§ YOUR INSTRUCTIONS:
Read the records below and report each line in which "Hybrid" occurs.

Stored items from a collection
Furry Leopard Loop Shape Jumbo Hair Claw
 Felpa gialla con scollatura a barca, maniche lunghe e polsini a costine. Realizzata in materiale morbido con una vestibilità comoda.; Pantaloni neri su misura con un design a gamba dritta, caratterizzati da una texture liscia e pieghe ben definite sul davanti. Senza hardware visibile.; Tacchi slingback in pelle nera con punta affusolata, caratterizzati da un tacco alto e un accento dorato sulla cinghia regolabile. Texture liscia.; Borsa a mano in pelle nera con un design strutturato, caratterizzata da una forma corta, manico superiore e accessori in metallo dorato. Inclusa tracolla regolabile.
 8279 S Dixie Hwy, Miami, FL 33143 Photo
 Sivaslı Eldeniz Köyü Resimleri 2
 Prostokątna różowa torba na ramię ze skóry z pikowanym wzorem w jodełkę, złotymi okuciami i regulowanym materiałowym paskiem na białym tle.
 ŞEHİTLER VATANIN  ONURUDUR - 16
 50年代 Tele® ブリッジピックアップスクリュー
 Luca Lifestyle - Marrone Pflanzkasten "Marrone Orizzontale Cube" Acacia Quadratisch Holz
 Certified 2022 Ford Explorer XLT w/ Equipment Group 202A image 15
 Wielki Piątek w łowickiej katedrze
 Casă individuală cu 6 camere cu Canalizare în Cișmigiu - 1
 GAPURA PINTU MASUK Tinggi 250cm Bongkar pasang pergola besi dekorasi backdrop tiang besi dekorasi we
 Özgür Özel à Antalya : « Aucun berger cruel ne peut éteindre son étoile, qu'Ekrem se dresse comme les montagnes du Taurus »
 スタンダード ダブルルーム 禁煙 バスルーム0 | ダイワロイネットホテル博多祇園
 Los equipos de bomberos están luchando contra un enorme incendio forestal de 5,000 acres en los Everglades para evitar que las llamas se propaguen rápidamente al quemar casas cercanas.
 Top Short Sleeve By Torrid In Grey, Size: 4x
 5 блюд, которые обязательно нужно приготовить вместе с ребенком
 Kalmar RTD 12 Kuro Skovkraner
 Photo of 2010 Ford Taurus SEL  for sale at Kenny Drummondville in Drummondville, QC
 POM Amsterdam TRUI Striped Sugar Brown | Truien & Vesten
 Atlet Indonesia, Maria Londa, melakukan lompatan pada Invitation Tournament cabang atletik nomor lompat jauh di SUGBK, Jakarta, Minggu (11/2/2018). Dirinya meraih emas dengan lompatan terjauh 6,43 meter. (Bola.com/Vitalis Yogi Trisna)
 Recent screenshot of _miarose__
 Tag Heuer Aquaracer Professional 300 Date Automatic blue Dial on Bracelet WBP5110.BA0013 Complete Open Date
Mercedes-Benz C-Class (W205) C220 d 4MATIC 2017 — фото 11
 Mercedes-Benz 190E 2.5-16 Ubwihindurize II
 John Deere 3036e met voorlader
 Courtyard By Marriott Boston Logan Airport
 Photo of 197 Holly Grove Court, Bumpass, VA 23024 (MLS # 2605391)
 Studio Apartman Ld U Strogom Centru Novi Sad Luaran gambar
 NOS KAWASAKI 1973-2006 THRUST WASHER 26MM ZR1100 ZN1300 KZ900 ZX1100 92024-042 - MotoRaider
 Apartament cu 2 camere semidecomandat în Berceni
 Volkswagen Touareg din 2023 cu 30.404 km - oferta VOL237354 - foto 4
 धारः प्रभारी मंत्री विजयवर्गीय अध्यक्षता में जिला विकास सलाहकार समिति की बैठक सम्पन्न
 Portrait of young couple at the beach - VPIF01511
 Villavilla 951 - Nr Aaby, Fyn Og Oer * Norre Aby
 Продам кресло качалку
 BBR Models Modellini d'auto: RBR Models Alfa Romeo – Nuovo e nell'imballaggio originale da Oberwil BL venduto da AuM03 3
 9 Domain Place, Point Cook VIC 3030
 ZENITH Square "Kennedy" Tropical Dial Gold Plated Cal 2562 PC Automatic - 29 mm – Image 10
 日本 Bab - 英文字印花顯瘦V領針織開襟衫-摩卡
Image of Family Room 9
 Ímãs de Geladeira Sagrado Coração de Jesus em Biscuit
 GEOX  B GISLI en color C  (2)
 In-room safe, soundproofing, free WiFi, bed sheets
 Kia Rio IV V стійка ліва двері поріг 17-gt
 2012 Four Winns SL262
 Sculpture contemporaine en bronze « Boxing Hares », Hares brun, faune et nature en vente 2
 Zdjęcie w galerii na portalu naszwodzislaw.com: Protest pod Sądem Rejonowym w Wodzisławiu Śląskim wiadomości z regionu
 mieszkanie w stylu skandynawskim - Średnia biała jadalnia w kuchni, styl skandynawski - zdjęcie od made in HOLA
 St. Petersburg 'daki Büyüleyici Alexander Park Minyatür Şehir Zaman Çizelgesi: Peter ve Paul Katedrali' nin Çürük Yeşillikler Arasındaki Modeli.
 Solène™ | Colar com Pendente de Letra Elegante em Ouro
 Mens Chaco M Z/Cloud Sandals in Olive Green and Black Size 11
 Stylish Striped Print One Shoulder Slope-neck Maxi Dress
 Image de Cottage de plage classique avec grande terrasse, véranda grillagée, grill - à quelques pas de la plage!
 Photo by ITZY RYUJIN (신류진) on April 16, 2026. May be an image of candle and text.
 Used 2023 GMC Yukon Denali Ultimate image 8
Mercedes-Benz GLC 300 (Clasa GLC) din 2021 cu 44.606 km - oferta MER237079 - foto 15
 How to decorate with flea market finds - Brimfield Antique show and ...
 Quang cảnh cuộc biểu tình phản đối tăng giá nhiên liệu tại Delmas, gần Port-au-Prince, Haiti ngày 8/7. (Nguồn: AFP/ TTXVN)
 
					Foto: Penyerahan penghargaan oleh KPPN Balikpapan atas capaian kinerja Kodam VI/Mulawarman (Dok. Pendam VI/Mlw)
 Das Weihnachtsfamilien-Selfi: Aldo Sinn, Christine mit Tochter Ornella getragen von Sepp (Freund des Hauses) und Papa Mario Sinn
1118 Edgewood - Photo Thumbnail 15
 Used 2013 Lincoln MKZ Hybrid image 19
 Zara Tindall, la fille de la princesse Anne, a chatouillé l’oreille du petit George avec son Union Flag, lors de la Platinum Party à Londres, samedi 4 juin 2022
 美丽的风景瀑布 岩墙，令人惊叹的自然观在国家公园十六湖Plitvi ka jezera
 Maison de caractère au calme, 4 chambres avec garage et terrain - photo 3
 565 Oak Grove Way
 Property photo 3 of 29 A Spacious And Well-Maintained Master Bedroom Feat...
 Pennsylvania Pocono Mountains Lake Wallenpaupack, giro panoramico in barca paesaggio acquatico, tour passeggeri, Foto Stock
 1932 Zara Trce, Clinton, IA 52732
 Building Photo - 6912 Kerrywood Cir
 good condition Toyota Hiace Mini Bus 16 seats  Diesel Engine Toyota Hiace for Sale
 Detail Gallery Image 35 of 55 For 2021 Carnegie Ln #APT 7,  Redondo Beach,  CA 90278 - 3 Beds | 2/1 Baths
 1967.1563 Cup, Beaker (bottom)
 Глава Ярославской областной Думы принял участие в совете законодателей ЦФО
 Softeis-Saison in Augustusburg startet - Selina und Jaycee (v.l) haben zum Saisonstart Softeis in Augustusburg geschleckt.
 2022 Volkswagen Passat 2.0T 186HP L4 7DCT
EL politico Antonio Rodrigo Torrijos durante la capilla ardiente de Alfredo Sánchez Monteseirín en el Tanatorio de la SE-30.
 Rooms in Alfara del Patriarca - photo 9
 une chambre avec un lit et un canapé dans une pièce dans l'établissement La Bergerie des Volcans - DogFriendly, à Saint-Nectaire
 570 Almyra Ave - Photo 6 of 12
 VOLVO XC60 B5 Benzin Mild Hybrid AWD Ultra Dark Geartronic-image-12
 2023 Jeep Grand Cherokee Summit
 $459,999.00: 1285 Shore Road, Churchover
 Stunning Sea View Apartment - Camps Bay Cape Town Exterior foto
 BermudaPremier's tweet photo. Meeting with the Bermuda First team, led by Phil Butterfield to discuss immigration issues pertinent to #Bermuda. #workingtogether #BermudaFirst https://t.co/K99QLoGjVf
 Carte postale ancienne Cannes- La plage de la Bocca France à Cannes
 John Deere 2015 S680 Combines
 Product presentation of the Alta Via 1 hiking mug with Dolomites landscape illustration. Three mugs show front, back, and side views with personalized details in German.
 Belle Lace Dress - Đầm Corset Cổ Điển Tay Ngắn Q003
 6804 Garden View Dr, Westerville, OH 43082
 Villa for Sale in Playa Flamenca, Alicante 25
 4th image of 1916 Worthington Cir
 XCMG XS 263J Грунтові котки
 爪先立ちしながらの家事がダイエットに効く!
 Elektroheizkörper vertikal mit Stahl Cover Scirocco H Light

§ TASK OUTPUT:
 Used 2013 Lincoln MKZ Hybrid image 19
 VOLVO XC60 B5 Benzin Mild Hybrid AWD Ultra Dark Geartronic-image-12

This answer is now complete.